*** Opening of EXERCISE MATERIALS ***

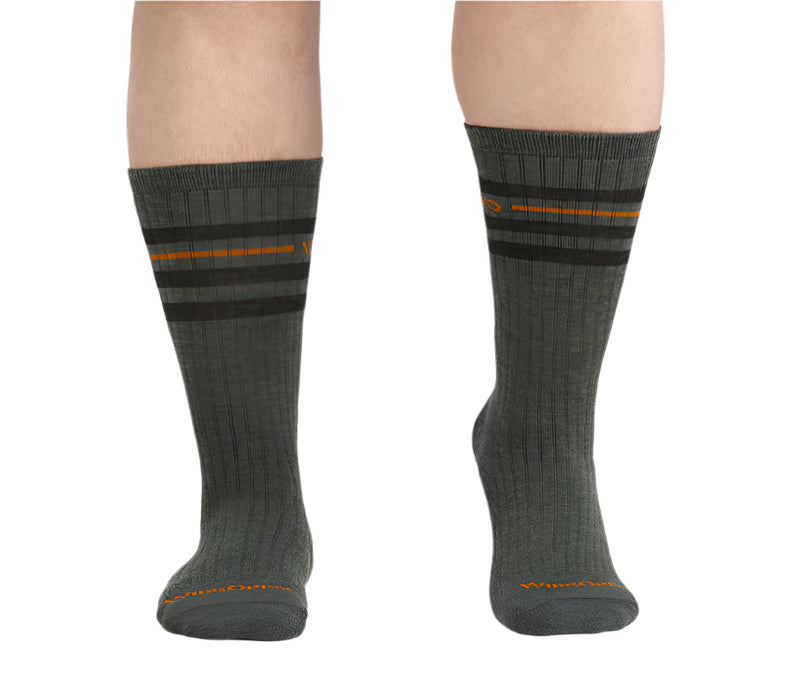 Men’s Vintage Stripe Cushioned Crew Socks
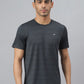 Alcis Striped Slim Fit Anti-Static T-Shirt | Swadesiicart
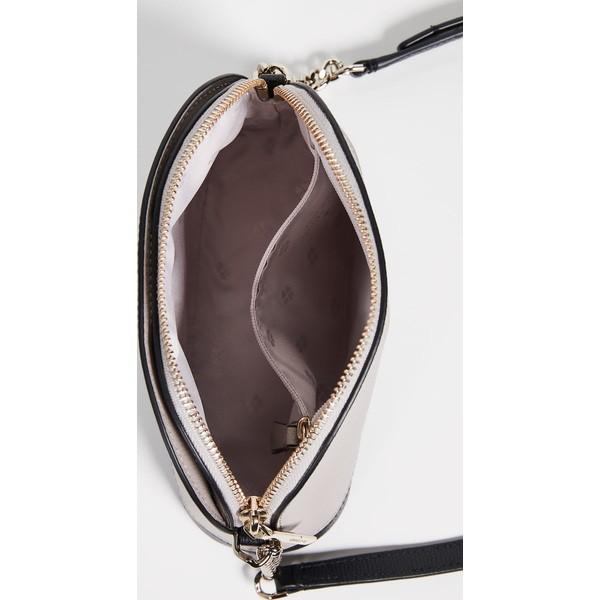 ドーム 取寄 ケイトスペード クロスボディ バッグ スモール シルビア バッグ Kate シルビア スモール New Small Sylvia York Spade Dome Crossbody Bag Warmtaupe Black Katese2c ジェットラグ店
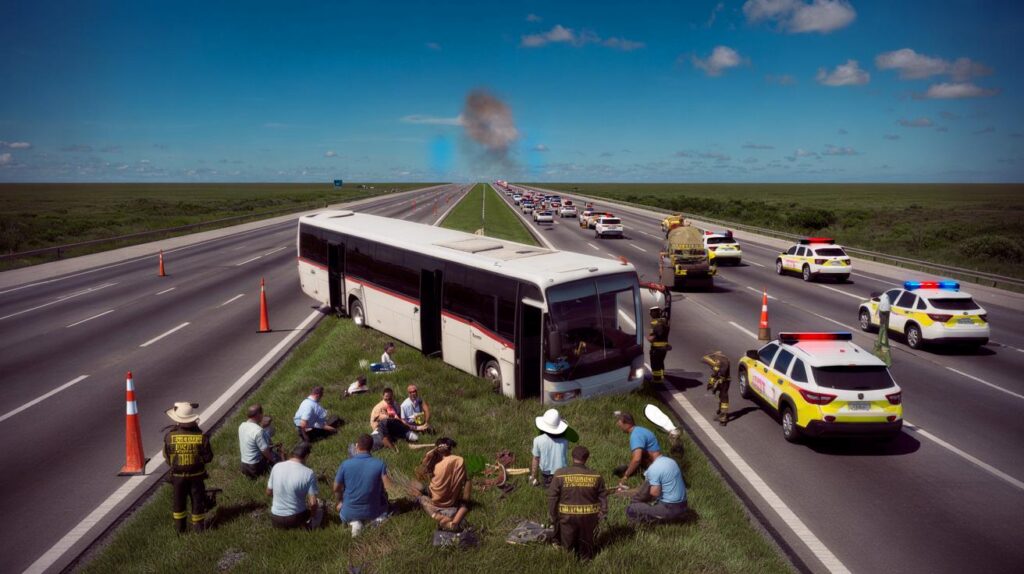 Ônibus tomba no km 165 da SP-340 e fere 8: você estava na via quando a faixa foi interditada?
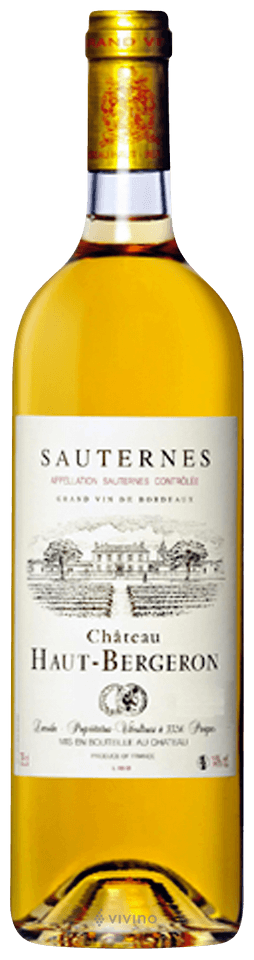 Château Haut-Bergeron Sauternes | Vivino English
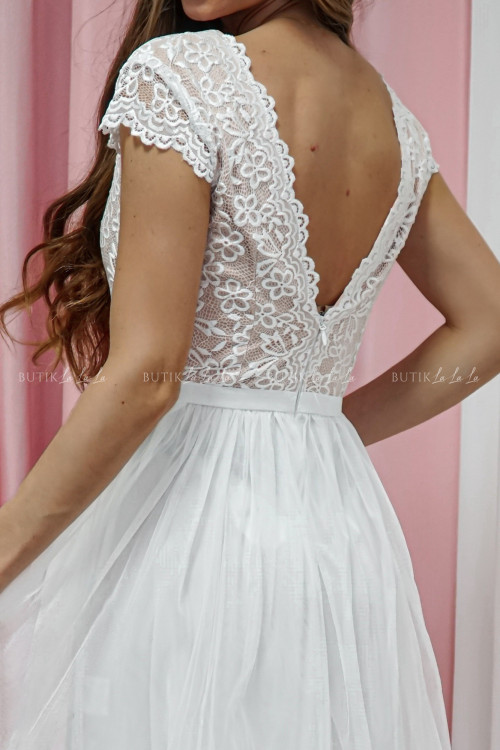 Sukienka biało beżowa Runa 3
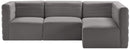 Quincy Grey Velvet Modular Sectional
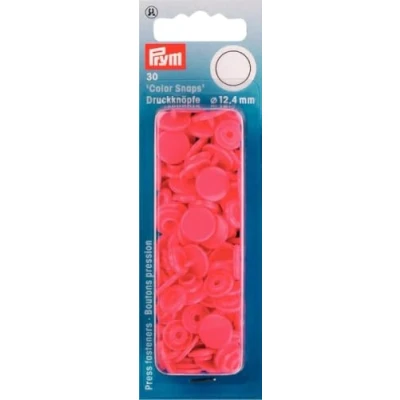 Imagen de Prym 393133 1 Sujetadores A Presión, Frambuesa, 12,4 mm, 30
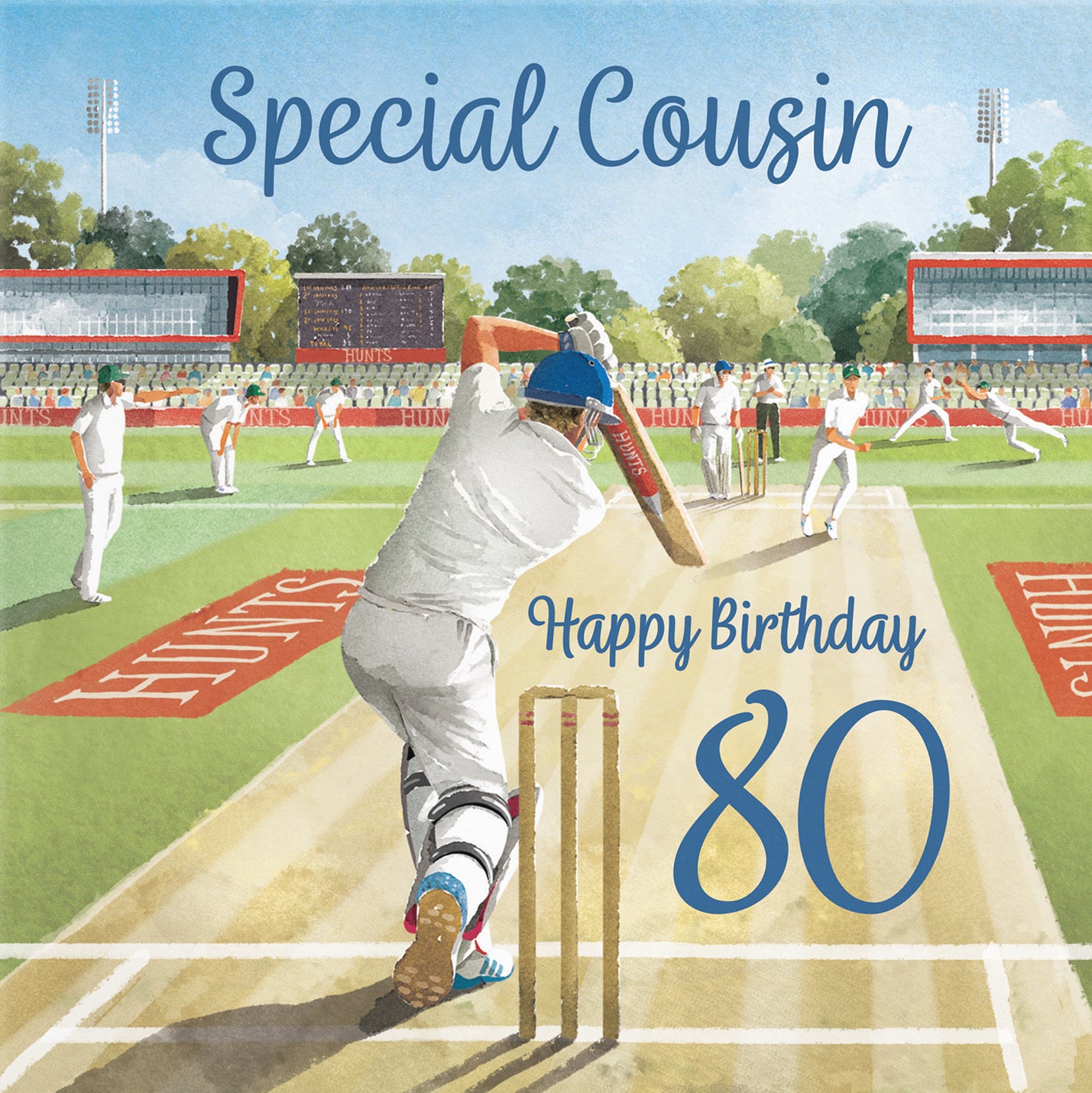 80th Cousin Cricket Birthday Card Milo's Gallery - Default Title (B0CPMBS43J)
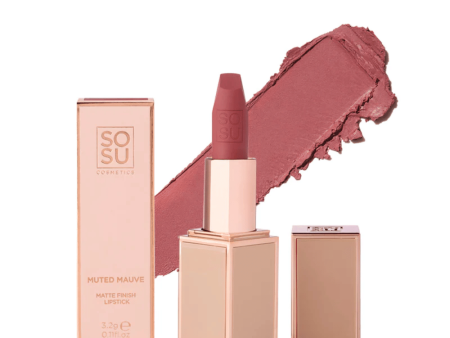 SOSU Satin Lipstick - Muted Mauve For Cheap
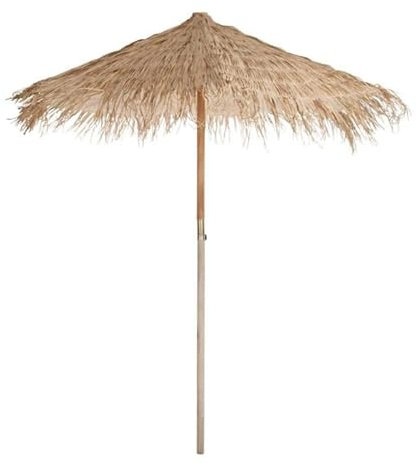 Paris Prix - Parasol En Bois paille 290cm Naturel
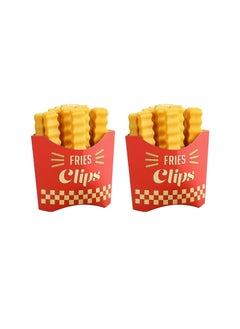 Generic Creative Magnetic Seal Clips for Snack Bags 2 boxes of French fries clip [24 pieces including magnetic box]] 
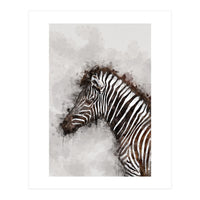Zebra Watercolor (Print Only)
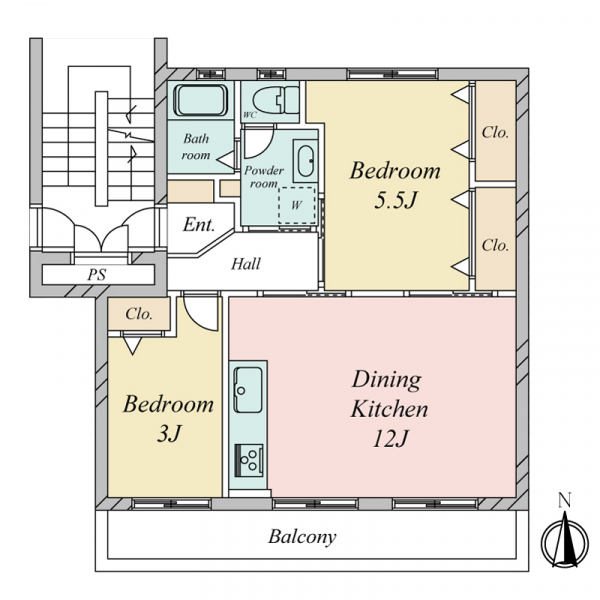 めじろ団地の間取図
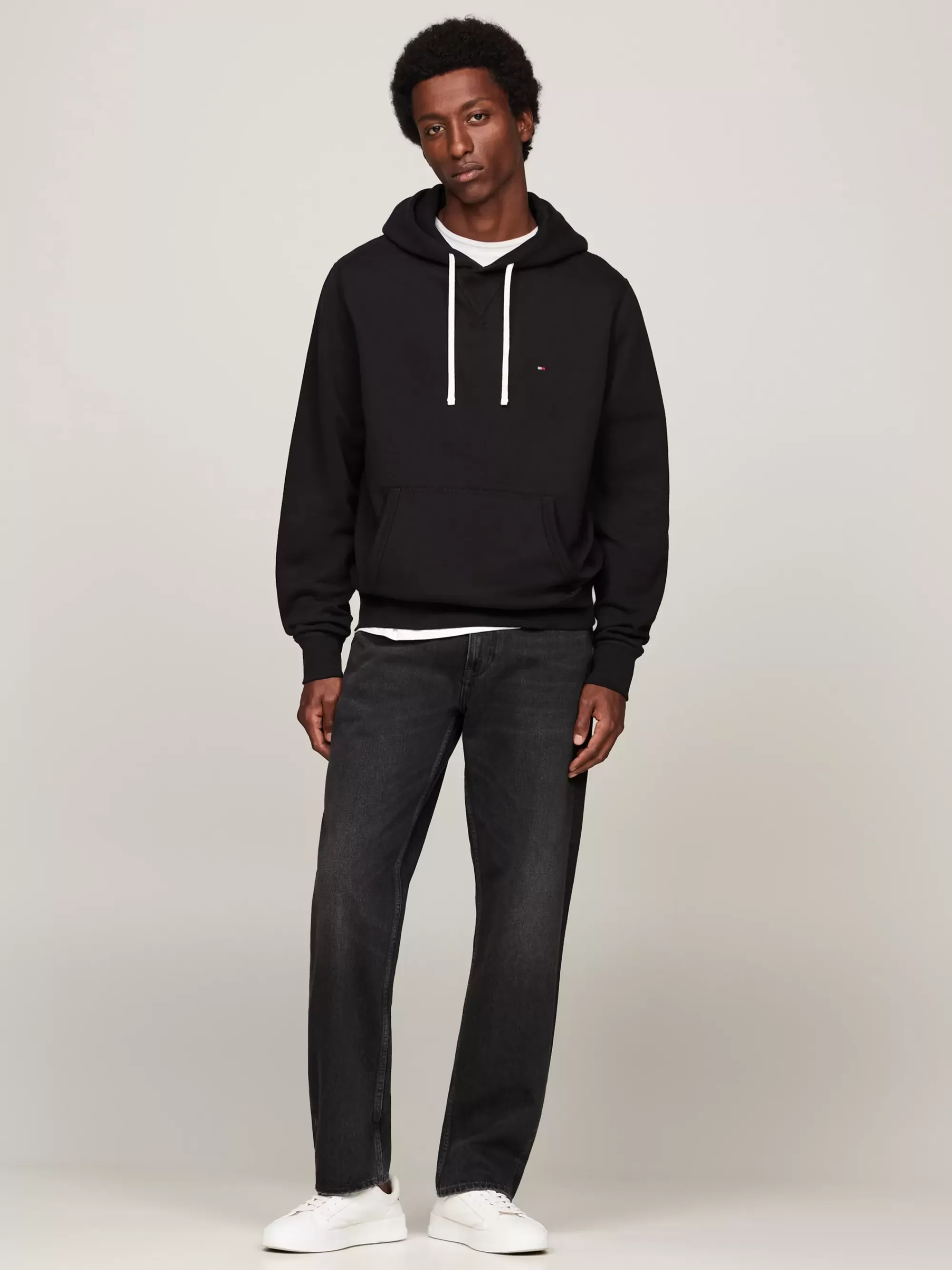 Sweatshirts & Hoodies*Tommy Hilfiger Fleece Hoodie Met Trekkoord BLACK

*** Close of EXERCISE MATERIALS ***

HOW TO COMPLETE THIS TASK:
Please give back exactly the lines from the first line of the records above through the line containing "Paris Prix - Parasol", only those and both included, with the pictures removed.

OUTPUT OF THE EXERCISE:
 Men’s Vintage Stripe Cushioned Crew Socks
 Alcis Striped Slim Fit Anti-Static T-Shirt | Swadesiicart
 ドーム 取寄 ケイトスペード クロスボディ バッグ スモール シルビア バッグ Kate シルビア スモール New Small Sylvia York Spade Dome Crossbody Bag Warmtaupe Black Katese2c ジェットラグ店
 Ônibus tomba no km 165 da SP-340 e fere 8: você estava na via quando a faixa foi interditada?
 Château Haut-Bergeron Sauternes | Vivino English
 Sukienka biało beżowa Runa 3
 Quincy Grey Velvet Modular Sectional
 Imagen de Prym 393133 1 Sujetadores A Presión, Frambuesa, 12,4 mm, 30
 80th Cousin Cricket Birthday Card Milo's Gallery - Default Title (B0CPMBS43J)
 SOSU Satin Lipstick - Muted Mauve For Cheap
 Paris Prix - Parasol En Bois paille 290cm Naturel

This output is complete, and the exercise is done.